FDG-Positron Emission Tomography in T-Cell Lymphoma

Few data are available on the role of fluoro-deoxy-glucose positron emission tomography (FDG-PET) in T-cell non Hodgkin Lymphoma (NHL). We compared standard contrast-enhanced computerized tomography (CECT) and FDG-PET for initial staging and restaging after treatment in T-cell NHL.

We reviewed 58 FDG-PET scans performed in 29 patients (pts) affected by T-cell NHL and we focused on the 42 cases for which a simultaneous standard CECT was available for comparison. The specific T-cell histology was Peripheral T-Cell Lymphoma Not Otherwise Specified in 12 pts, Angioimmunoblastic T-Cell Lymphoma in 4 pts, Anaplastic Large Cell Lymphoma in 10 pts, other T-NHL hystologies in 3 pts. Twelve pts were males and median age at diagnosis was 57 years (range: 25–77). Baseline FDG-PET scans were 20, while FDG-PET performed for disease reassessment were 22.

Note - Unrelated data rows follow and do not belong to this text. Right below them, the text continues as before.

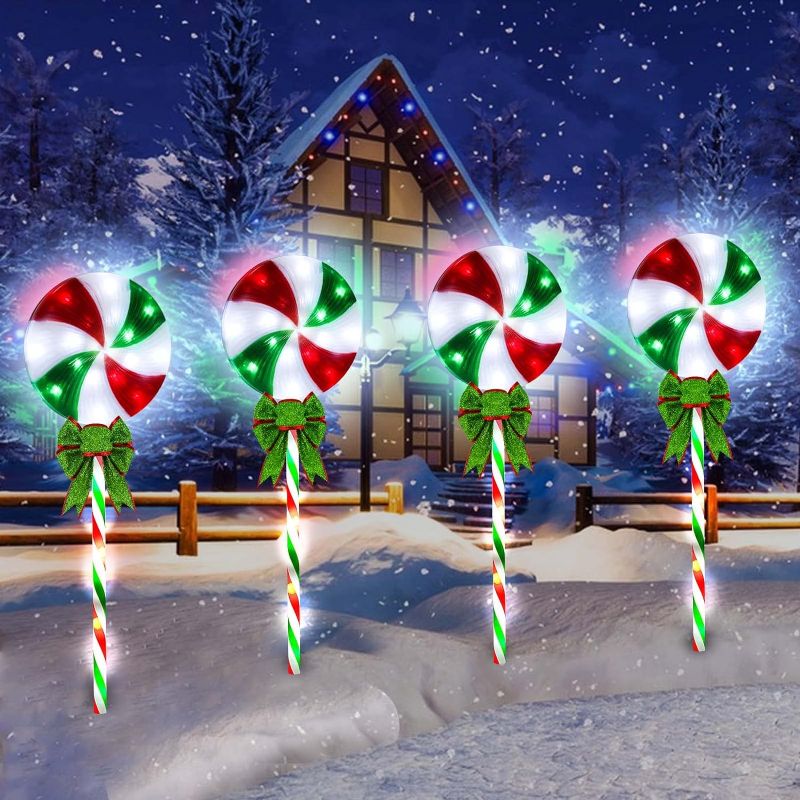 Photo 1 of 4 Pack 27.5" Lollipop Peppermint Christmas Pathway Lights Outdoor with Bows, Green Red White 80 LED Candy Cane Lights 8 Modes Timer Waterproof, Walkway Markers for Xmas Outsides Garden Yard Decoration
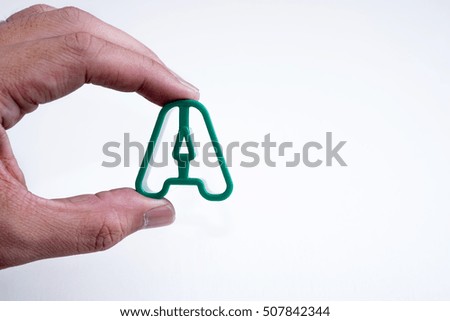 hand hold plastic alphabet A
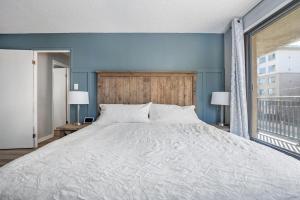 une chambre avec un grand lit et une grande fenêtre dans l'établissement YYC HiddenGem, à Calgary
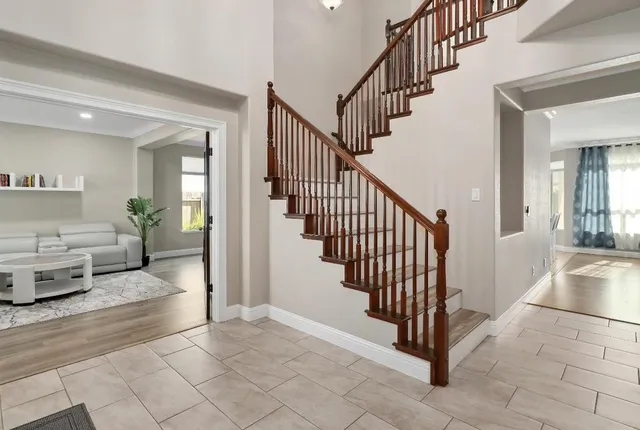 a living room with furniture and a potted plant
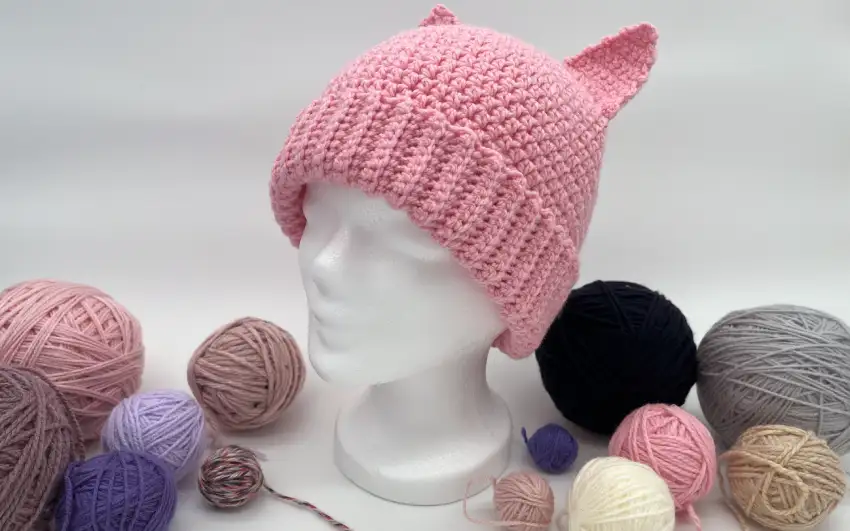 Rosa Mütze mit Katzenohren auf Styroporkopf mit Deko.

FDG-PET performed at baseline was positive in all cases. In 6 cases (30%) FDG-PET identified fewer disease sites than CECT, while in 14 cases (70%) FDG-PET identified additional disease sites. New sites identified by FDG-PET were: other nodal sites (11 pts), spleen (2 pts), nasopharynx (1 pt) and testicles (1 pt). Different disease extent evaluation according to FDG-PET modified clinical stage in 10 pts (50%): one pt was downstaged and 9 pts were upstaged. FDG-PET-based stage was not considered for therapeutic decision. FDG-PET scans performed at restaging were negative in 16 cases (72%) and positive in the remaining 6 cases (28%). In 13/16 (81%) negative cases CECT was concordant and showed a complete remission, while in the remaining 3 cases CECT showed a residual nodal disease. In the 6 FDG-PET positive cases, CECT was as follows: abnormal in the same site of FDG-PET in 1 case, abnormal in fewer sites than FDG-PET in 3 cases and abnormal in more sites than FDG-PET in 2 cases. With a median follow-up of 32 months, the median overall survival (OS) of the 6 positive FDG-PET cases at restaging was 26 months. With a median follow-up of 23 months, the median OS of the 16 negative FDG-PET cases at restaging was not reached.

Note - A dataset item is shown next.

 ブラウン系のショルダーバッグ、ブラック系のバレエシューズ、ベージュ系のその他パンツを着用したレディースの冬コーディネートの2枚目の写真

FDG-PET can be useful in the initial staging of T-cell NHL, since it can allow a more accurate disease extension evaluation: in our experience it could identify additional sites, both nodal and extra-nodal, in 70% of pts. A change in clinical stage according to FDG-PET was observed in 50% of cases, with an upstaging in the majority of pts. We could confirm the high sensitivity of baseline FDG-PET in T-cell NHL. A high level of concordance was observed between PET and CECT at restaging. However, independently on CECT result, the worse OS of FDG-PET positive cases confirms the role of FDG-PET as prognostic factor for survival. Larger prospective trials are needed to confirm the utility of FDG-PET in baseline staging, reassessment after chemotherapy and treatment planning.

No relevant conflicts of interest to declare.